A rich and fleeting ecosystem of new hybrid organisms nurtured by an environment in constant evolutionary motion, adapting in time,
Nurturing Exhibitions consisted of an Amanatsu tree temporarily transplanted to the gallery space. Combined with the music of Phill Niblock that was played continuously, at times to a closed empty gallery, the photographs that compose this book portray the exhibition's entire lifespan, from a composition being recorded to a ripe fruit being picked.
Limited edition of 200 copies.
One of the most important multimedia artists of his generation, American
minimalist composer,
filmmaker and
video artist Phill Niblock (1933-2024) has produced a multidisciplinary work. His "Intermedia Art" features a combination of minimalist
music,
conceptual art, structural cinema, systematic or even political art, and has actively contributed to transform our perception and experience of
time.
Admittedly one of the greatest
experimental composers of our time, Phill Niblock initiated his career as a photographer and film director.

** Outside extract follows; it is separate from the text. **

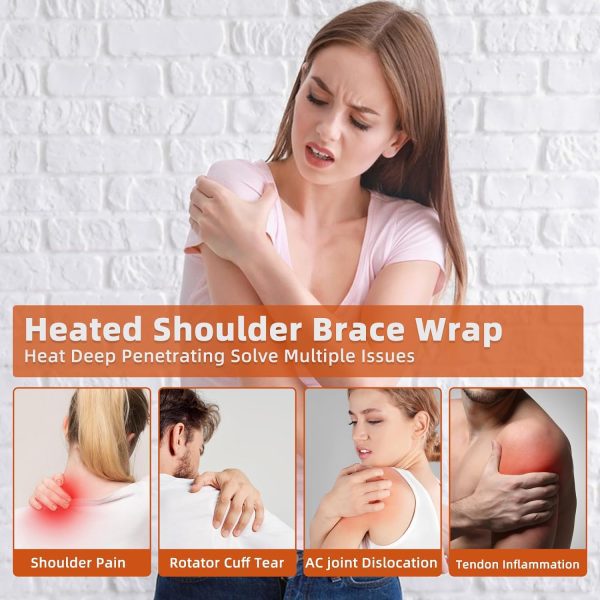 Shoulder Heating Pad 2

A jazz passionate, he moved to New York in 1958 where he started photography In the mid-1960s, specializing in portraits of jazz musicians (Duke Ellington, Charles Mingus, Billy Strayhorn...). In the middle of the 1960s, he made his first films for the dancers and choreographers of the Judson Church Theater. From 1968 on, Phill Niblock focused on music and composed his first pieces, which, according to the artist, should be listened to at loud volume in order to explore their overtones. He pursued his film projects independently with
The Movement of People Working, a series of films lasting over 25 hours, made between 1973 and 1991, in which the repetitive nature of work movements acts as a direct echo to his musical compositions.

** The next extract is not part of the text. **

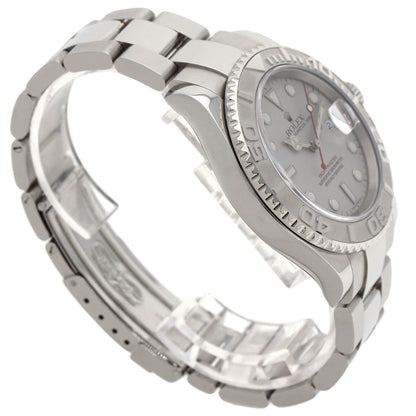 ROLEX Yacht master Watches 16622 Stainless Steel/Stainless Steel mens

Since the mid-1960s, his analogue photographic work has explored New York's architecture and urban planning. The sequencing and layout of his images offer a mapping of the location and object photographed, such as the areas in South Bronx (1979) fallen into disuse or the facades of SoHo Broadway district (1988). Phill Niblock was particularly interested in the screening of moving images—films and slideshows. Produced between 1966 and 1969, Six Films, a series of short films with sound realized with 16mm film, heralds his experimental method through portraits of artists and musicians such as
Sun Ra and
Max Neuhaus.
In 1968, the artist started experimenting a combination of his visual productions with his musical scores in order to create sound architectural and environmental compositions. Recreated by the artist for the first time since its last presentation in 1972 for the purpose of this exhibition, the Environments series extracts the reality of different surroundings through images, all the while generating a dense and intense temporary environment of projected images, music and movements throughout the museum space.
Phill Niblock was the director of Experimental Intermedia, a foundation born in the flames of 1968's barricade-hopping.